Segment Open
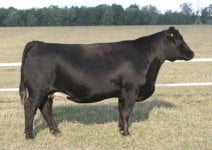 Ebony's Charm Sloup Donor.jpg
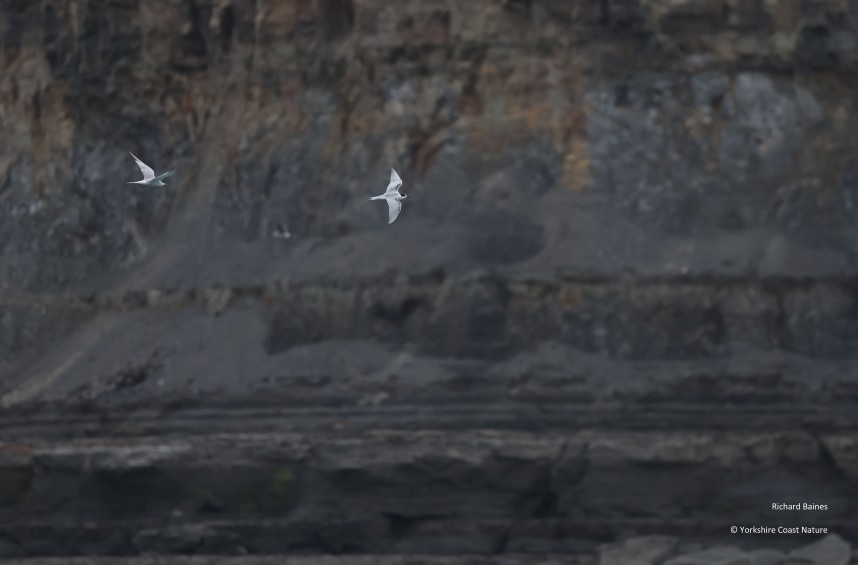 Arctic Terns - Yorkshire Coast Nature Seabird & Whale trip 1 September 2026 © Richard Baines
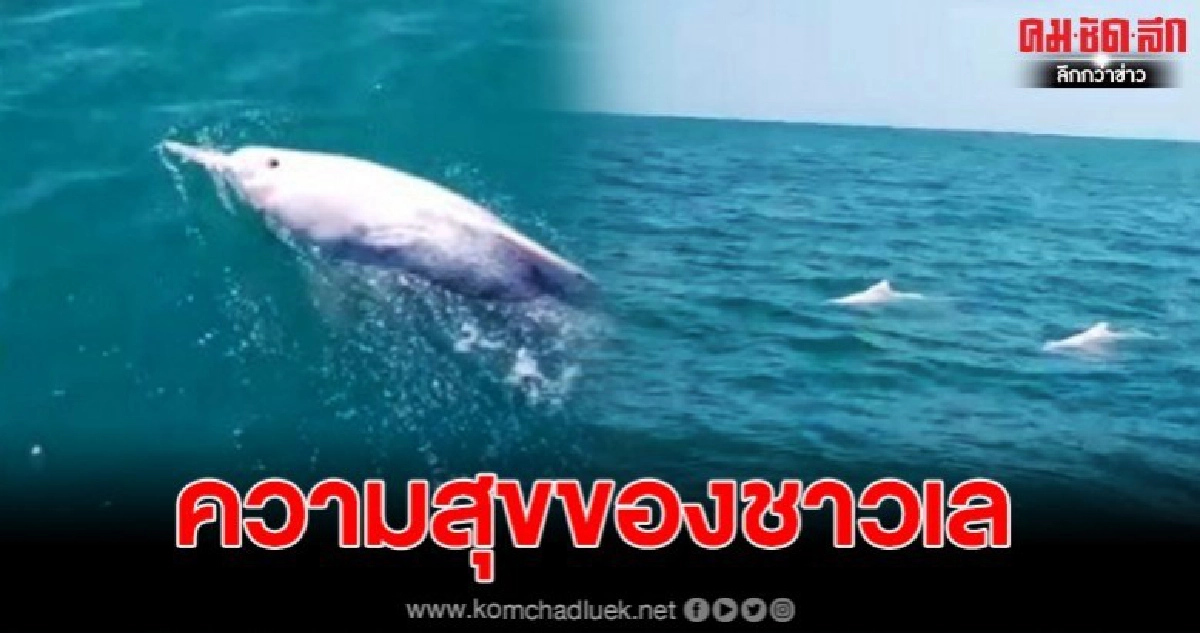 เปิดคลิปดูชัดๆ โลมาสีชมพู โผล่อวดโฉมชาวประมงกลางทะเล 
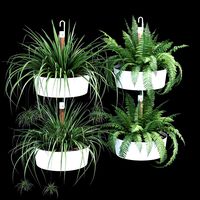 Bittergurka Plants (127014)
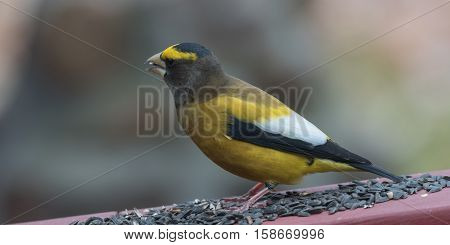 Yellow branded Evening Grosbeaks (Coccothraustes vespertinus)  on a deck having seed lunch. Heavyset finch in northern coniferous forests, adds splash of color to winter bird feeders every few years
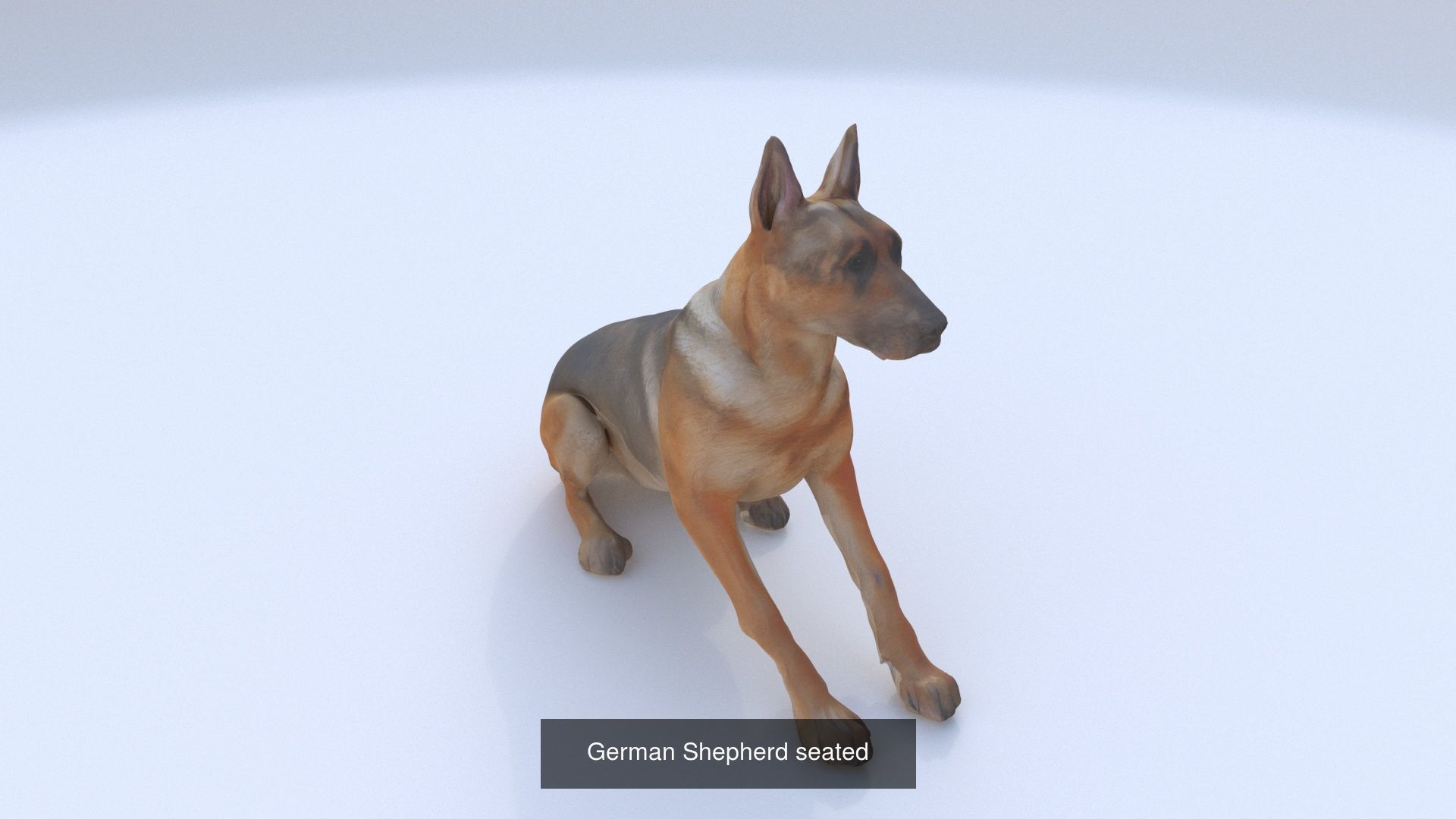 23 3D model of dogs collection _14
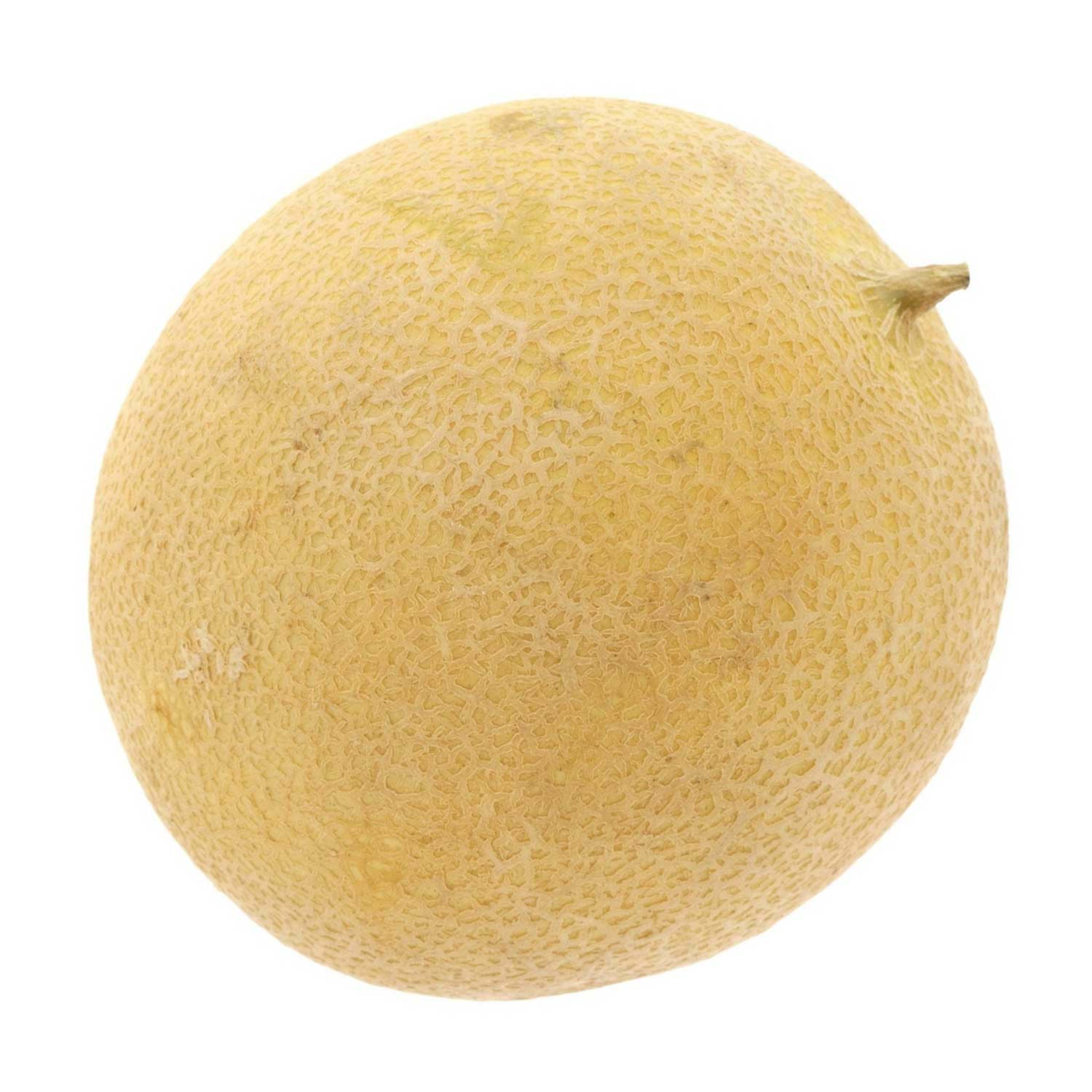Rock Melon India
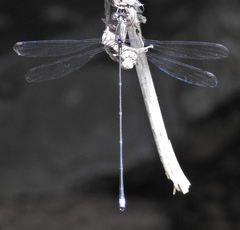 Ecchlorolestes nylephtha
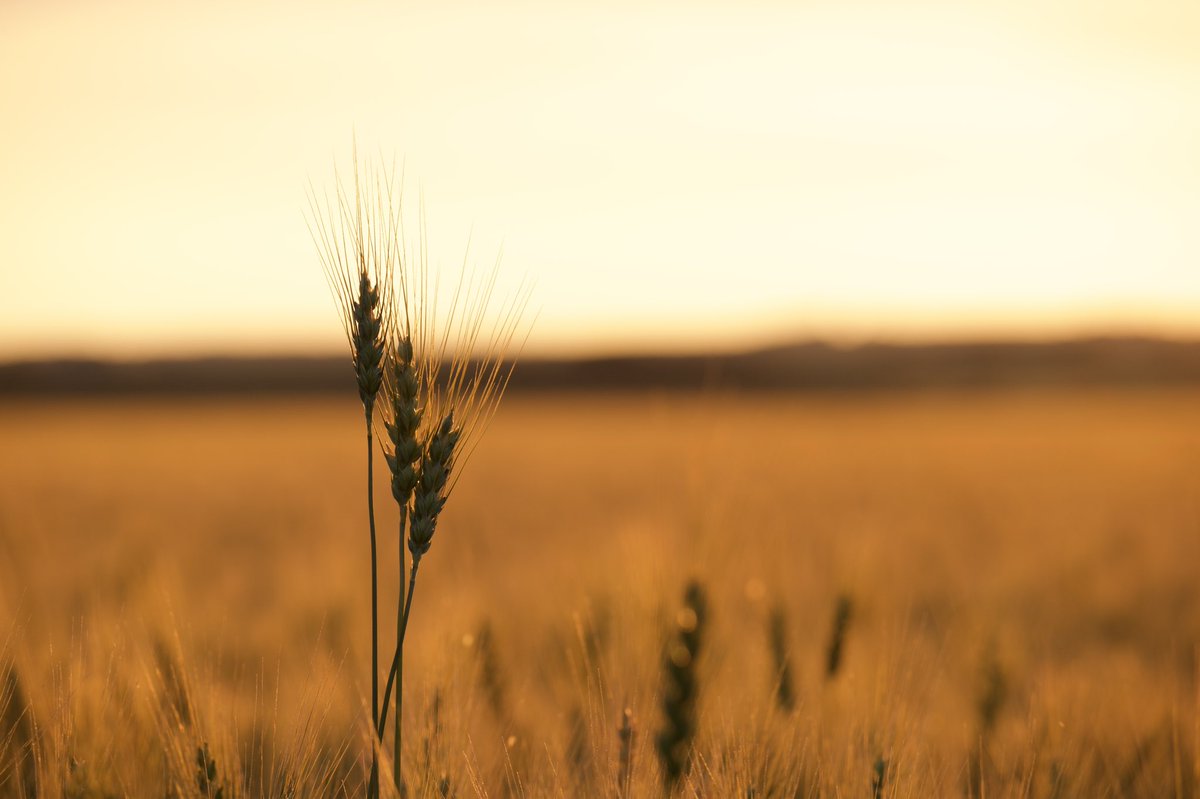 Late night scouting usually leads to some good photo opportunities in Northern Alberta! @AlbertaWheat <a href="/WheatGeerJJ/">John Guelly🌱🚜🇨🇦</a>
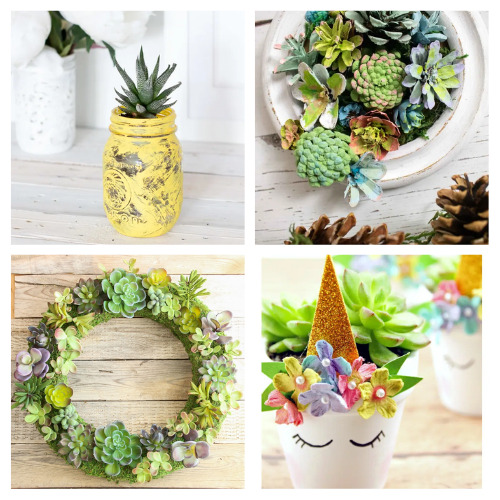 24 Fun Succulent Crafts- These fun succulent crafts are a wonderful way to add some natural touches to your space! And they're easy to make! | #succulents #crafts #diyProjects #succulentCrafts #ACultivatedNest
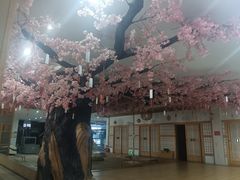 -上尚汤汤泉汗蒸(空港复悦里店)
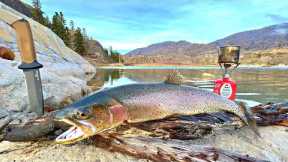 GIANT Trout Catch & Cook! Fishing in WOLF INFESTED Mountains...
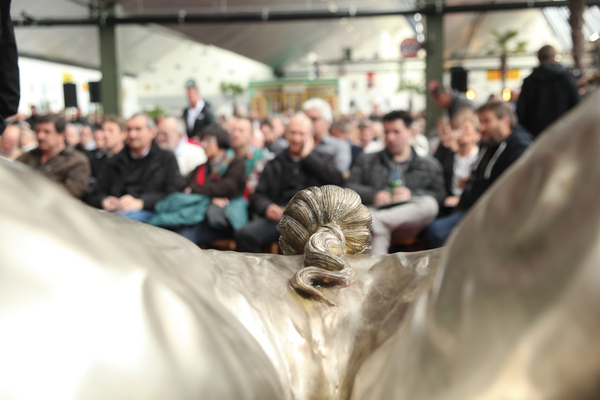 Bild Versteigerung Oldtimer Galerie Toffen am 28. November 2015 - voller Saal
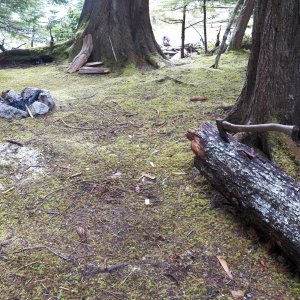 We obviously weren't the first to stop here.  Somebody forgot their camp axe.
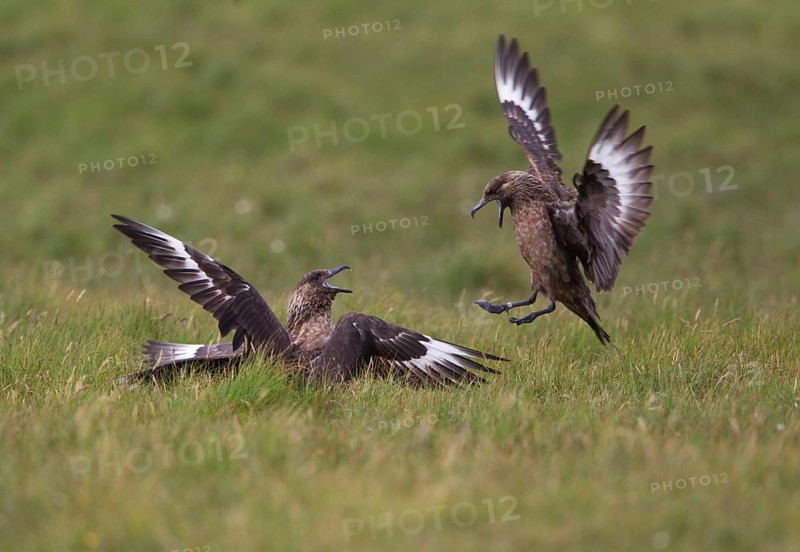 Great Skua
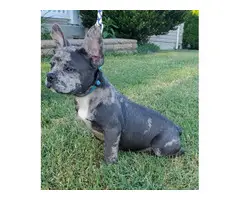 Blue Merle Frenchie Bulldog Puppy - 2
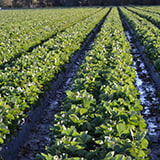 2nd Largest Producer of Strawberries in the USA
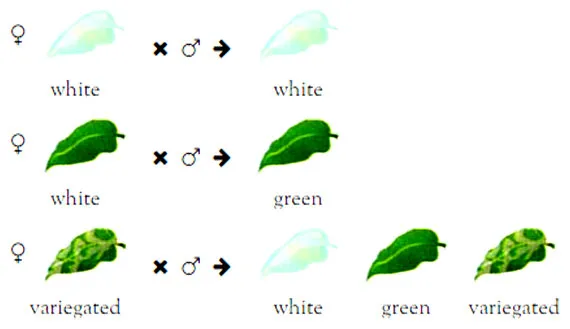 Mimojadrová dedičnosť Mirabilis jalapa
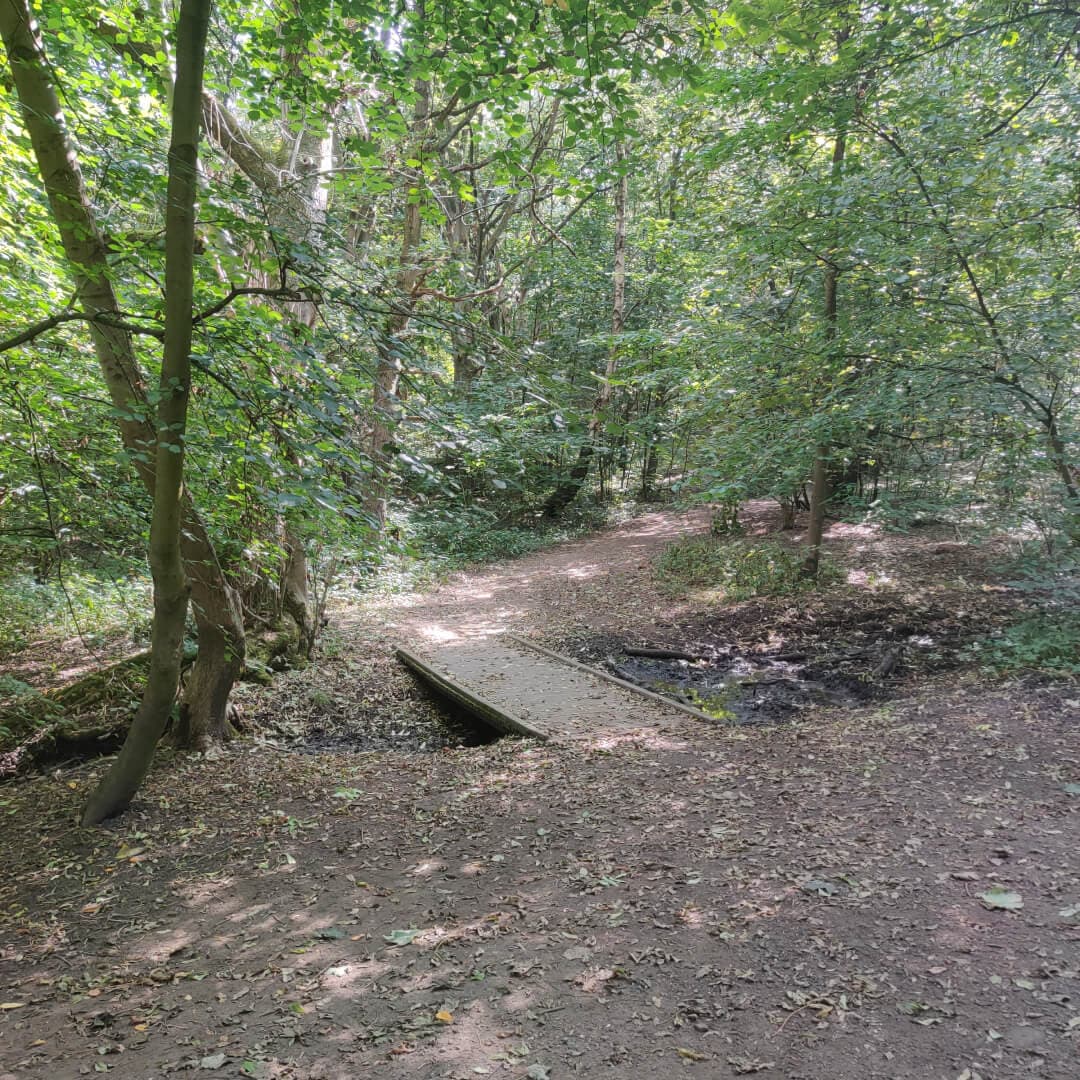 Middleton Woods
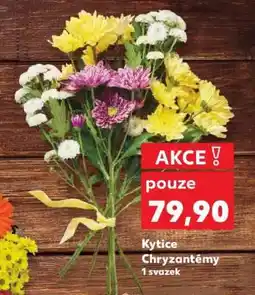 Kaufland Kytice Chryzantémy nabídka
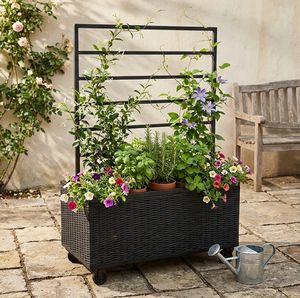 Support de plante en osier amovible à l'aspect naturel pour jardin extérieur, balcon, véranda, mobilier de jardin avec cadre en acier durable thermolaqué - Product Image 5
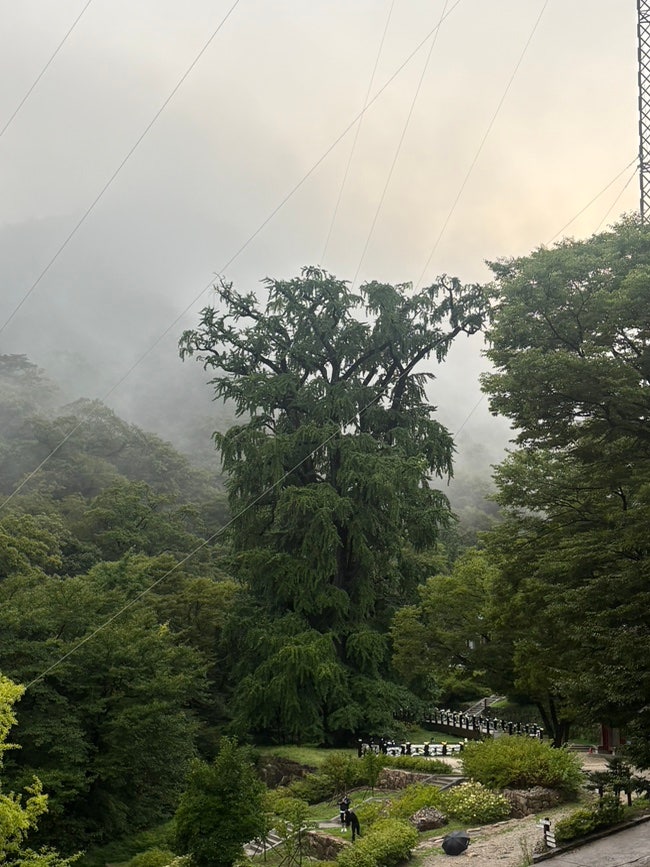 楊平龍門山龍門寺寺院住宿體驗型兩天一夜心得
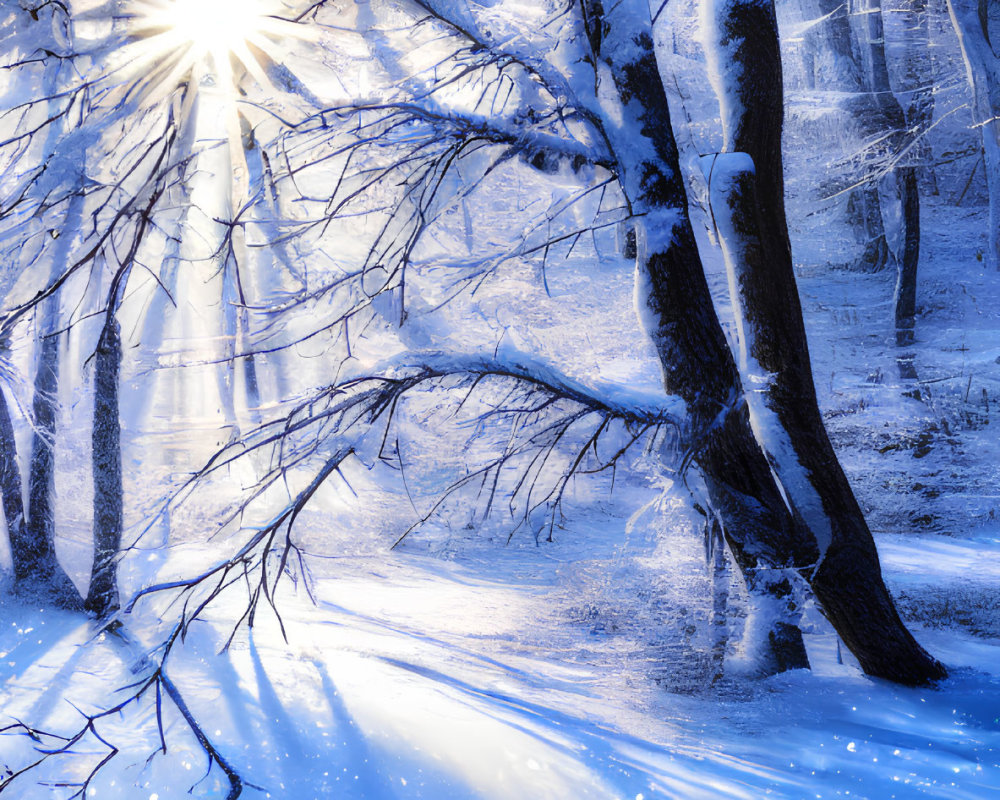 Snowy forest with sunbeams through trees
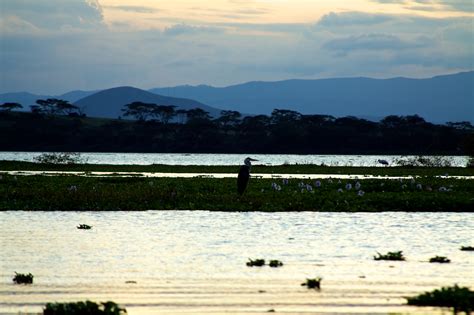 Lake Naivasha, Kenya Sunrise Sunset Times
Segment Closed
> **YOUR INSTRUCTIONS**: Using the material above, restate word for word the lines from the line that has "Blue Merle Frenchie Bulldog Puppy - 2" to the last line, inclusive, with pictures omitted.

> **REPLY TO THE TASK**:
 Blue Merle Frenchie Bulldog Puppy - 2
 2nd Largest Producer of Strawberries in the USA
 Mimojadrová dedičnosť Mirabilis jalapa
 Middleton Woods
 Kaufland Kytice Chryzantémy nabídka
 Support de plante en osier amovible à l'aspect naturel pour jardin extérieur, balcon, véranda, mobilier de jardin avec cadre en acier durable thermolaqué - Product Image 5
 楊平龍門山龍門寺寺院住宿體驗型兩天一夜心得
 Snowy forest with sunbeams through trees
 Lake Naivasha, Kenya Sunrise Sunset Times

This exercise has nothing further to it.